Database Compaction
Because CouchDB/BigCouch uses an append-only file to write changes to, you must monitor the size of those files on disk and periodically compact them. Compaction is the process of taking all the current revisions in the file and writing a new file with just the active documents, effectively deleting all old revisions. Compaction can have dramatic results in recovered disk space and performance (as seek times are reduced on smaller files).
Automatic Compaction
Kazoo allows the cluster operator to enable automatic compaction of all databases.
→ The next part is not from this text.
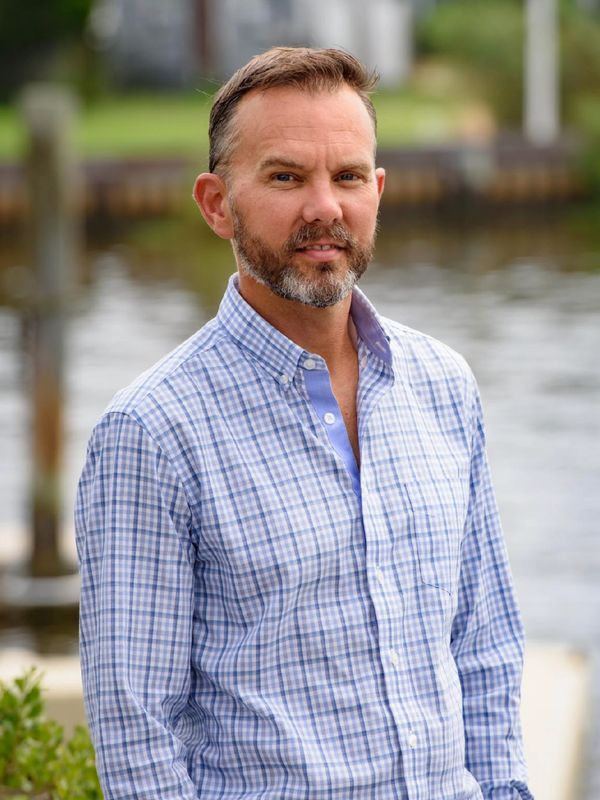Man in a blue checkered shirt standing near a waterfront.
A process will walk the list of known databases (updating each time the process starts again) and check each database against a heuristic to decide whether to compact or not.
System Configuration Schema
Schema
Schema for kazoo_couch system_config
Key | Description | Type | Default | Required | Support Level |
---|---|---|---|---|---|
admin_port | The CouchDB API port, typically 5986 | integer() | 5986 | false | |
allow_maintenance_db_delete | kazoo_couch allow maintenance db delete | boolean() | false | false | |
api_port | The CouchDB API port, typically 5984 | integer() | 5984 | false | |
compact_automatically | kazoo_couch compact automatically | boolean() | false | false | |
default_chunk_size | kazoo_couch default chunk size | integer() | 1000 | false | |
max_compacting_shards | kazoo_couch maximum compacting shards | integer() | 2 | false | |
max_compacting_views | kazoo_couch maximum compacting views | integer() | 2 | false | |
max_concurrent_docs_to_archive | kazoo_couch maximum concurrent docs to archive | integer() | 500 | false | |
max_wait_for_compaction_pids | kazoo_couch maximum wait for compaction pids | integer() | 360000 | false | |
min_data_size | kazoo_couch minimum data size | integer() | 131072 | false | |
min_ratio | kazoo_couch minimum ratio | number() | 1.2 | false | |
sleep_between_poll | kazoo_couch sleep between poll | integer() | 3000 | false | |
use_bigcouch_direct | kazoo_couch use bigcouch direct | boolean() | true | false |
Operations
The compaction module kt_compactor binds into the triggers for all databases. Based on the tasks.browse_dbs_interval_s
in system_config
, each database will be processed each time the timer expires. The default timeout is daily, but the next timer won’t start until all the databases have been processed by all task modules bound for them. On large systems, there could be so many databases and operations could take a long time on them, that the next timer won’t start for more than a day.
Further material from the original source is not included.